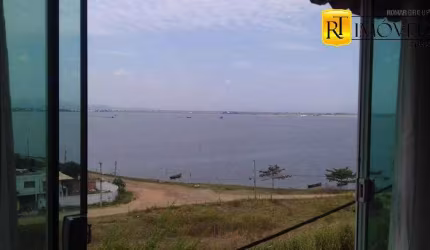Casa com vista para lagoa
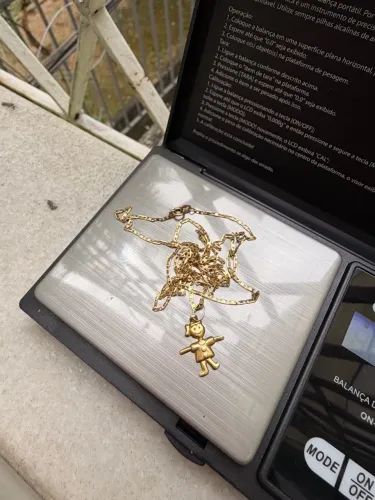Cordão de ouro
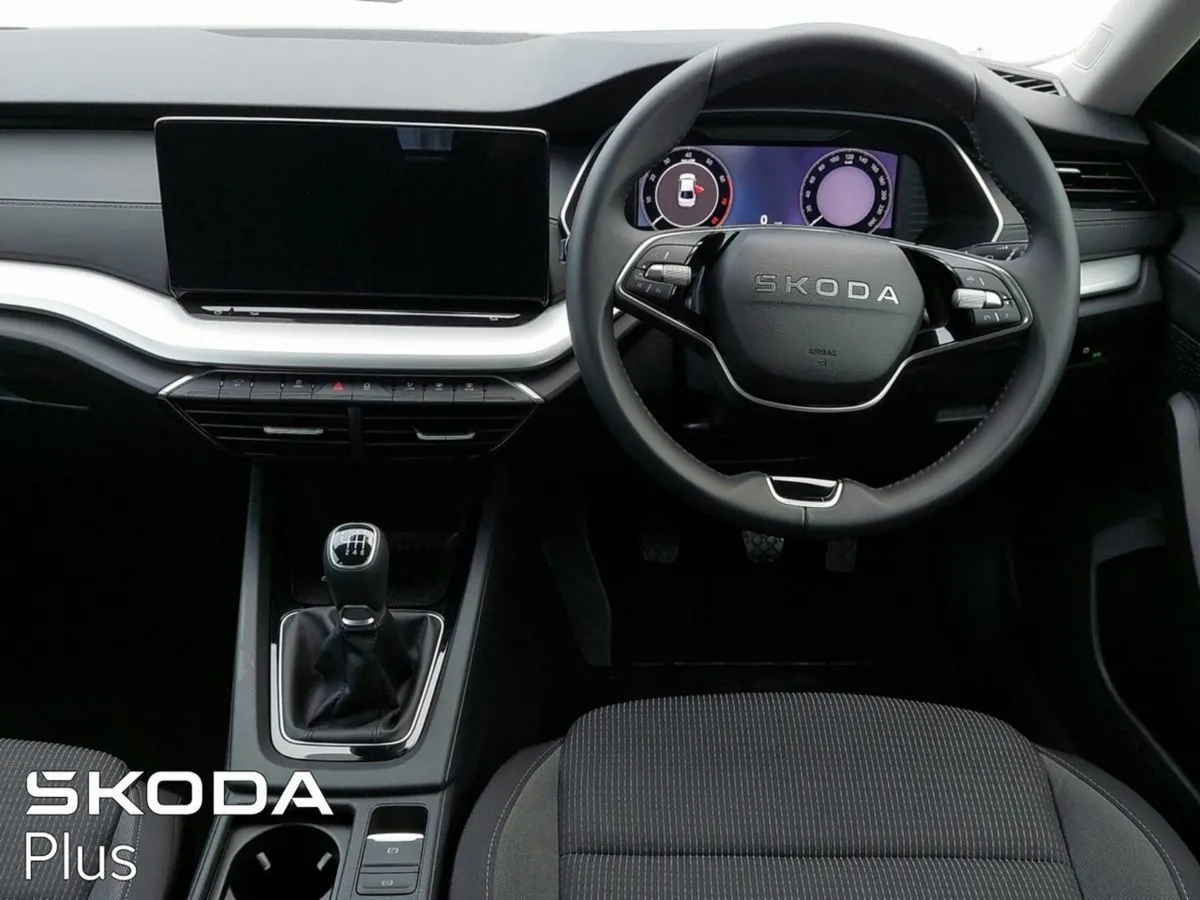 Skoda Octavia SELECTION 1.5TSI 115HP - Image 2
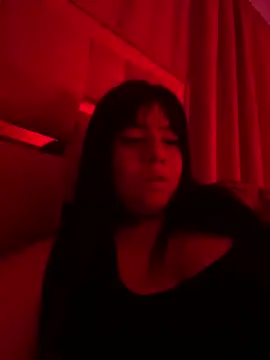 XXX chat uživo modela Luna_bigtitss777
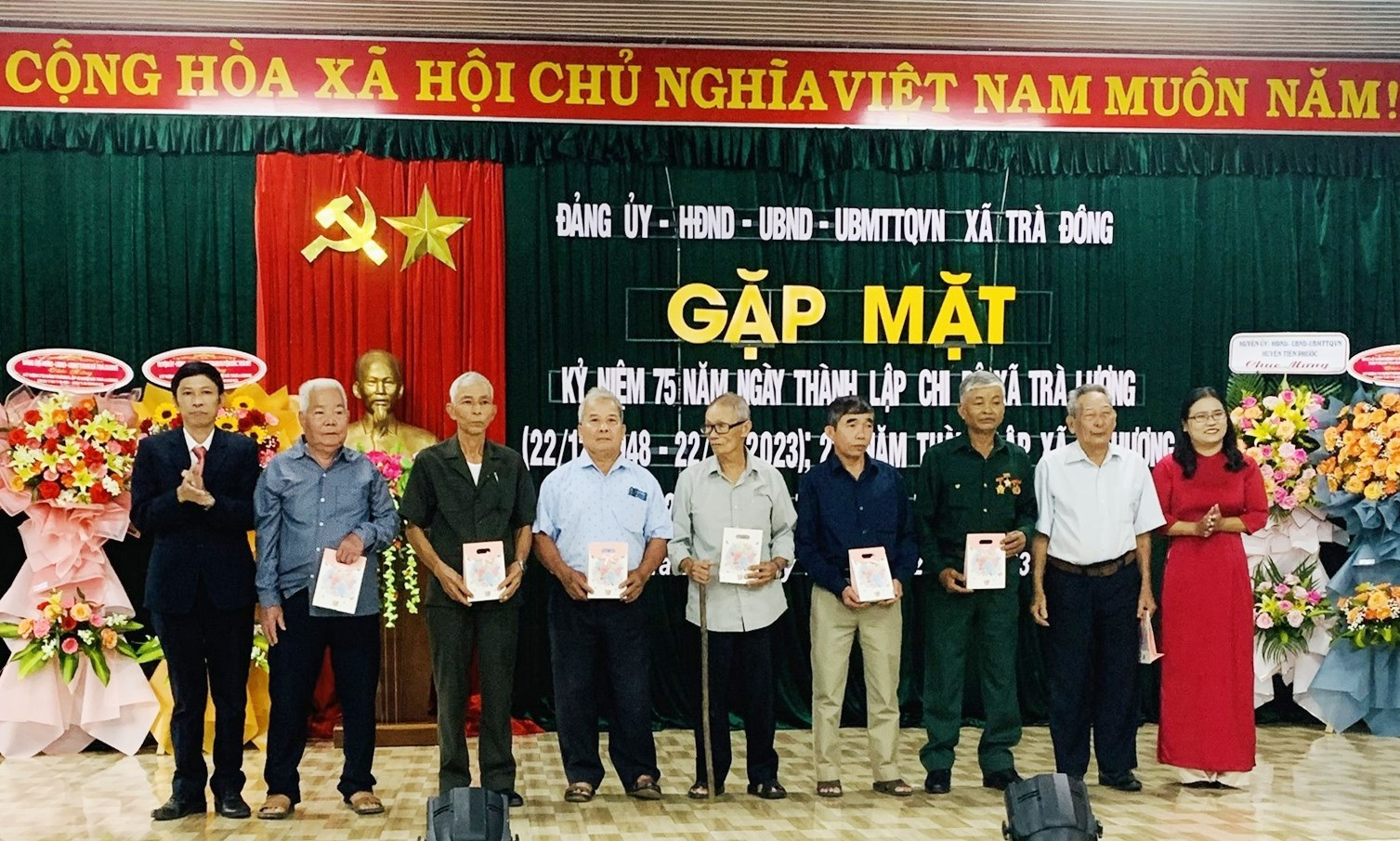 Lãnh đạo xã Trà Đông tặng quà cho các Đảng viên 30 năm tuổi Đảng trở lên . ẢNH TÚ VÂN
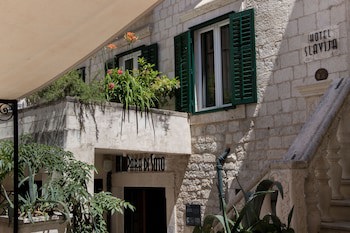 Slavija Culture Heritage Hotel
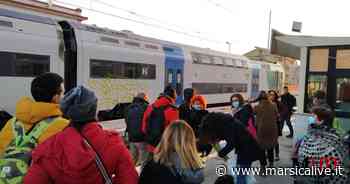 Pendolari ostaggio dei disservizi, treno fermo e linea ferroviaria paralizzata - MarsicaLive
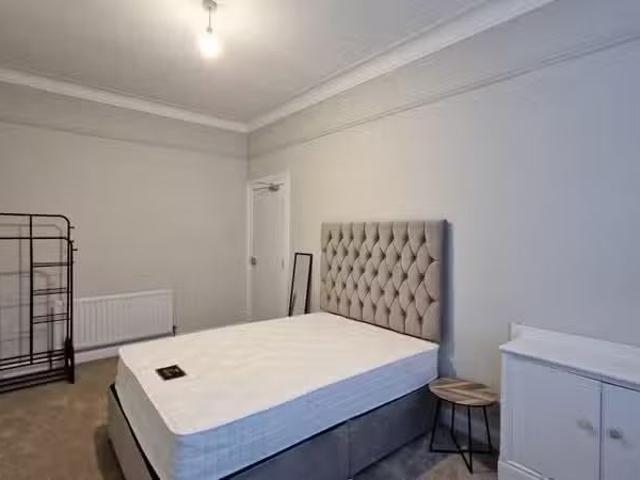 Rooms 1, 2&5, 7 Newington Avenue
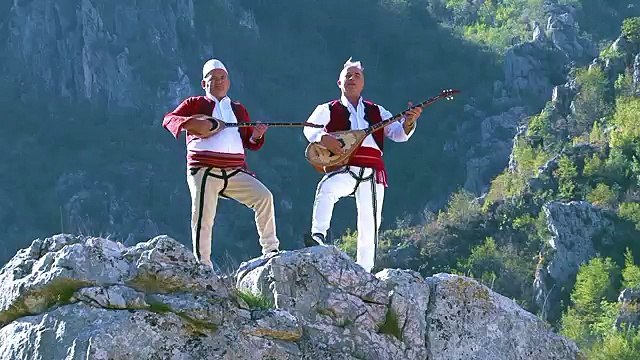 Gjergj Gjonaj Tu rrit nera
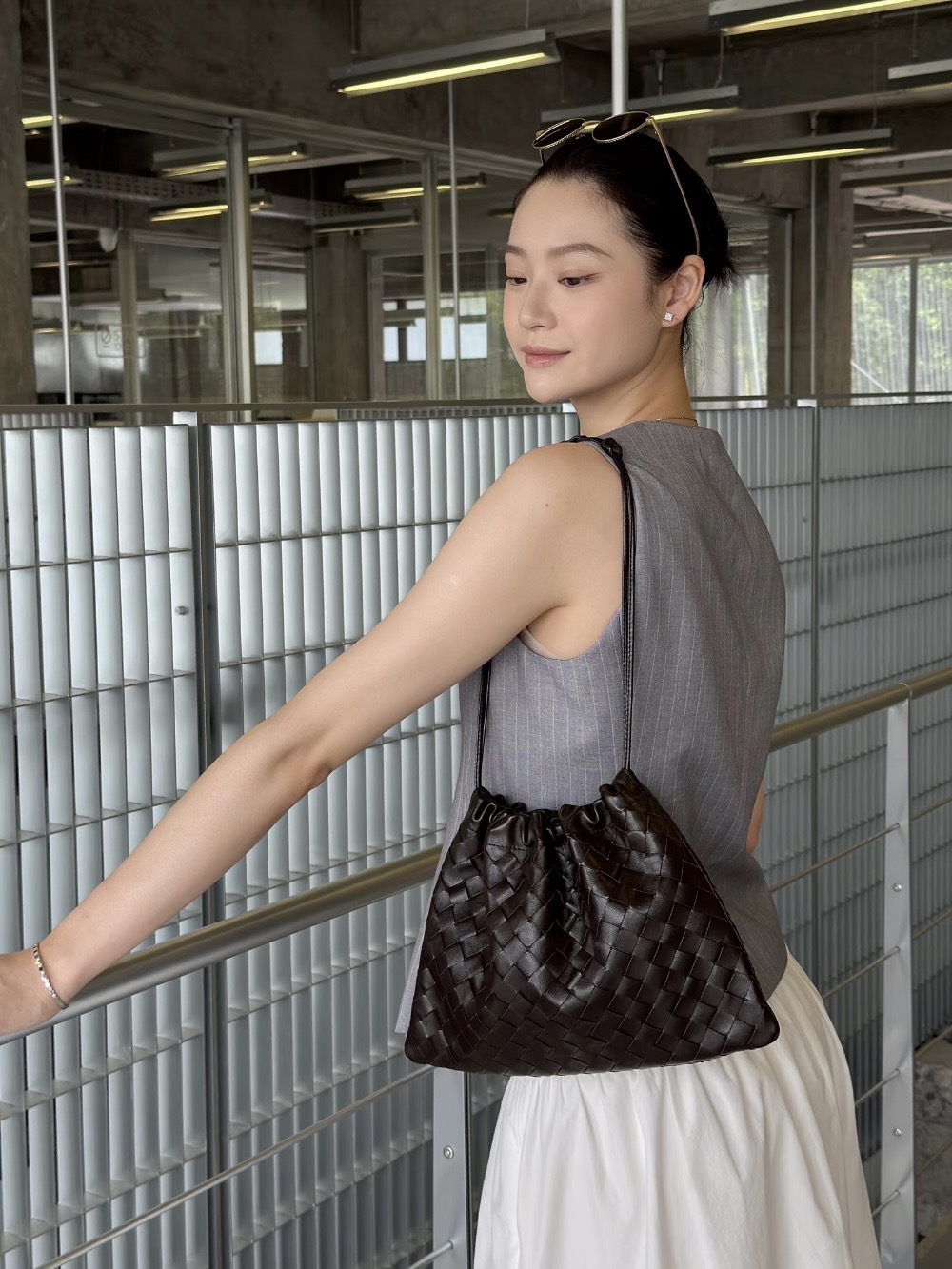 Bottega Veneta BV 朱古力色編織Dustbag手拿包  中號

-- -- --

- **Prompt**
The line that contains "Cordão de ouro" begins the part to retype, and the last line of the records above ends it. Retype both and everything between, exactly, without the pictures.

- **Exercise answer**
Cordão de ouro
 Skoda Octavia SELECTION 1.5TSI 115HP - Image 2
 XXX chat uživo modela Luna_bigtitss777
 Lãnh đạo xã Trà Đông tặng quà cho các Đảng viên 30 năm tuổi Đảng trở lên . ẢNH TÚ VÂN
 Slavija Culture Heritage Hotel
 Pendolari ostaggio dei disservizi, treno fermo e linea ferroviaria paralizzata - MarsicaLive
 Rooms 1, 2&5, 7 Newington Avenue
 Gjergj Gjonaj Tu rrit nera
 Bottega Veneta BV 朱古力色編織Dustbag手拿包  中號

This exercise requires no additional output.